No. 8 maegashira Hokutofuji improved to 9-0 at the Autumn Grand Sumo Tournament on Monday, with No. 3 Tamawashi also coming out on top in his bout to stay a win back.
No. 4 Takayasu, No. 10 Nishikifuji and No. 14 Chiyoshoma all won to improve to 7-2, while no one from sumo's top four ranks has more than six wins as the crowd witnessed another day of upsets at Tokyo's Ryogoku Kokugikan.
Hokutofuji used his left hand to push the throat of Wakamotoharu (6-3) only to see the No. 6 rank-and-filer hold his ground and make a few steps forward.
But Hokutofuji quickly halted his opponent's attack and resumed charging forward, driving Wakamotoharu to the edge before slamming him down.
Tamawashi (8-1) more than matched a strong opening charge from Meisei (3-6) and pushed the backpedaling No. 2 around before crushing him out at the edge.
Yokozuna Terunofuji (5-4) was handed another loss as the grand champion failed to muster his usual tenacity, as former ozeki Takayasu (7-2) outlasted the yokozuna and pushed him out.
All three ozeki also lost.
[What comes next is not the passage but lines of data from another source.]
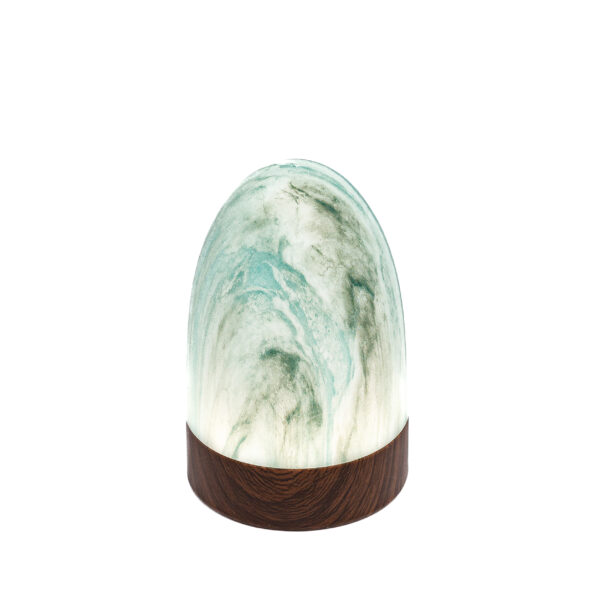 De ovale, waterdichte Tafellamp DORSETTO set (2 stuks) heeft een marmergroene, grijs-gouden glaslook en houtlook. Oplaadbaar tot 105 uur en eenvoudig te bedienen met de afstandsbediening.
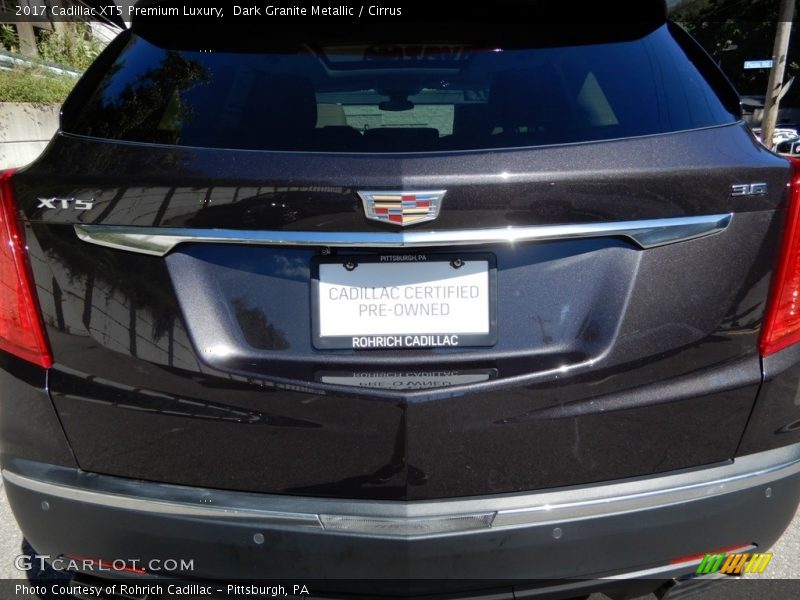Dark Granite Metallic / Cirrus 2017 Cadillac XT5 Premium Luxury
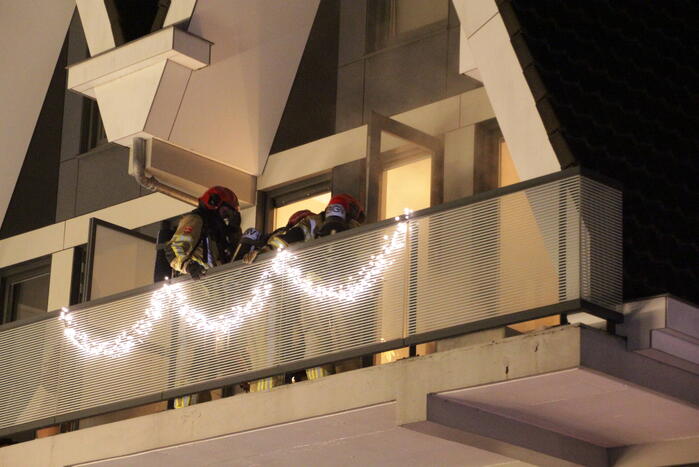 Flinke brand in schoorsteen van woning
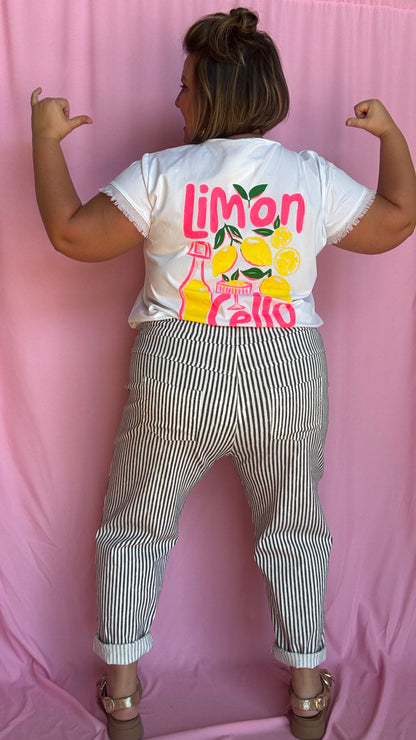 Ce pantalon chino grande taille à rayures verticales noires apporte de la structure à ta silhouette tout en restant ultra agréable à porter. 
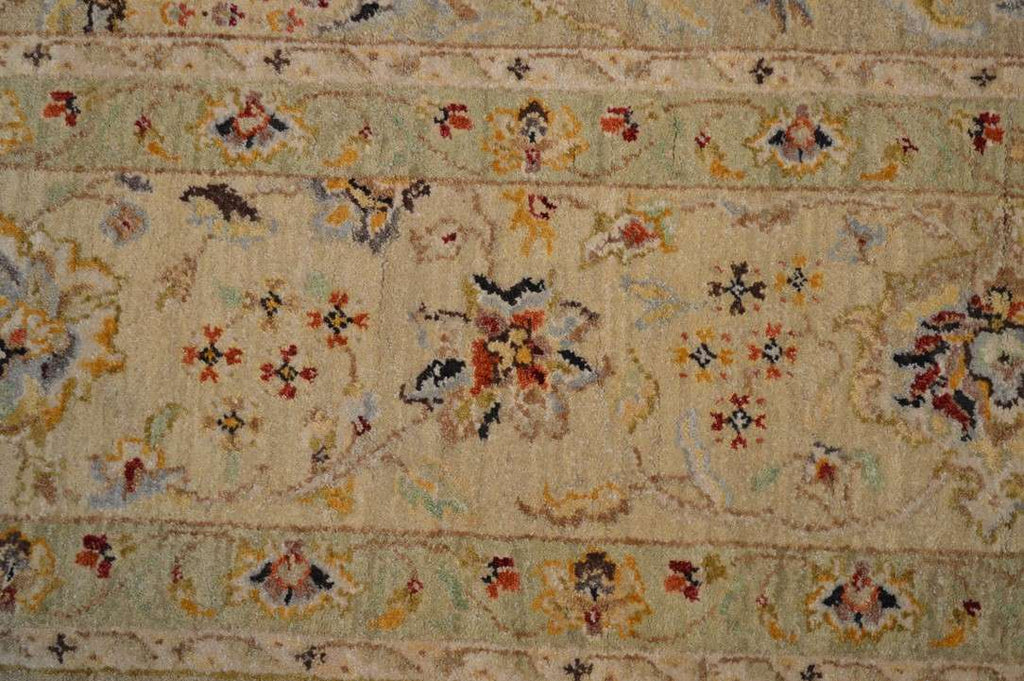 8' 0" x 8' 3" India Sultanabad Square Rug image 9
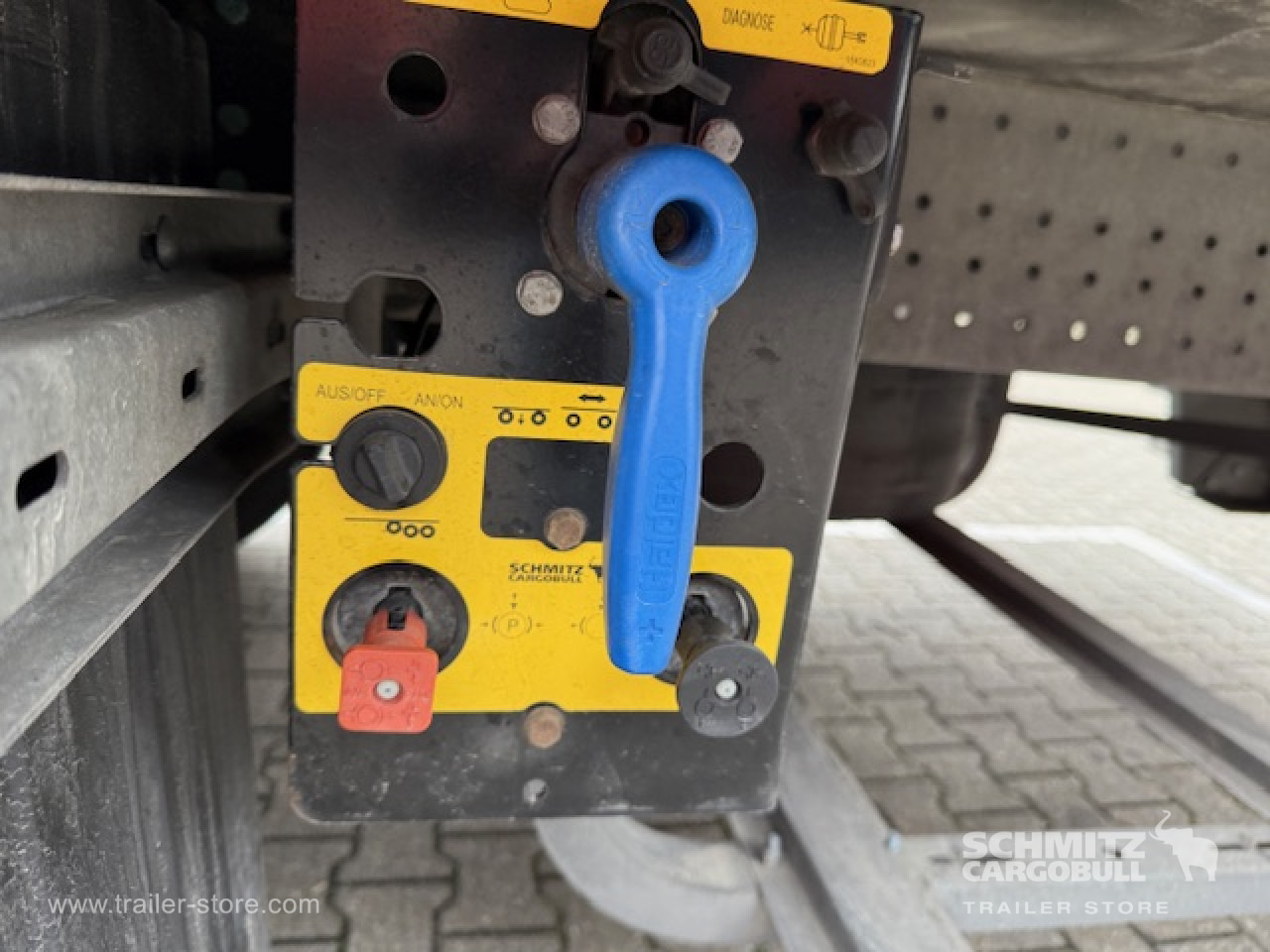 SCHMITZ Oplegger Vries Multitemp - Semirremolque isotérmico: foto 5 SCHMITZ Oplegger Vries Multitemp - Semirremolque isotérmico: foto 5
Takakeisho (6-3) took a step backward in the title race after his opening drive lacked the power to oust komusubi Kiribayama (6-3).
Kiribayama grabbed the front side of Takakeisho's belt with both hands to go on the offensive, the ozeki lost his footing, and fell backward in a crush-out defeat.
Shodai (1-8) lost his eighth straight bout to ensure a losing record at the 15-day tournament, failing to exploit his height and weight advantage against stocky but creative No. 3 Ura (6-3), who pulled him down.
The ozeki will need eight wins to keep his rank in November in Fukuoka, while demotion-threatened Mitakeumi (3-6), who needs eight wins here, could fall from the ozeki ranks at this tourney after showing little grit in a one-sided thrust-out defeat against sekiwake Daieisho (3-6).
Wakatakakage (6-3) won his sixth straight bout as the sekiwake kept No. 4 Nishikigi (4-5) off his belt en route to a solid force-out win.
Sekiwake Hoshoryu (4-5) quickly reeled off a right underarm throw but was upended instead when No. 5 Sadanoumi (5-4) countered with a left overarm throw.
Giant komusubi Ichinojo (3-6) scraped past diminutive No. 1 Midorifuji (4-5), July's Nagoya meet champion grabbing overarm belt holds with both hands following a long standstill to secure a force-out win.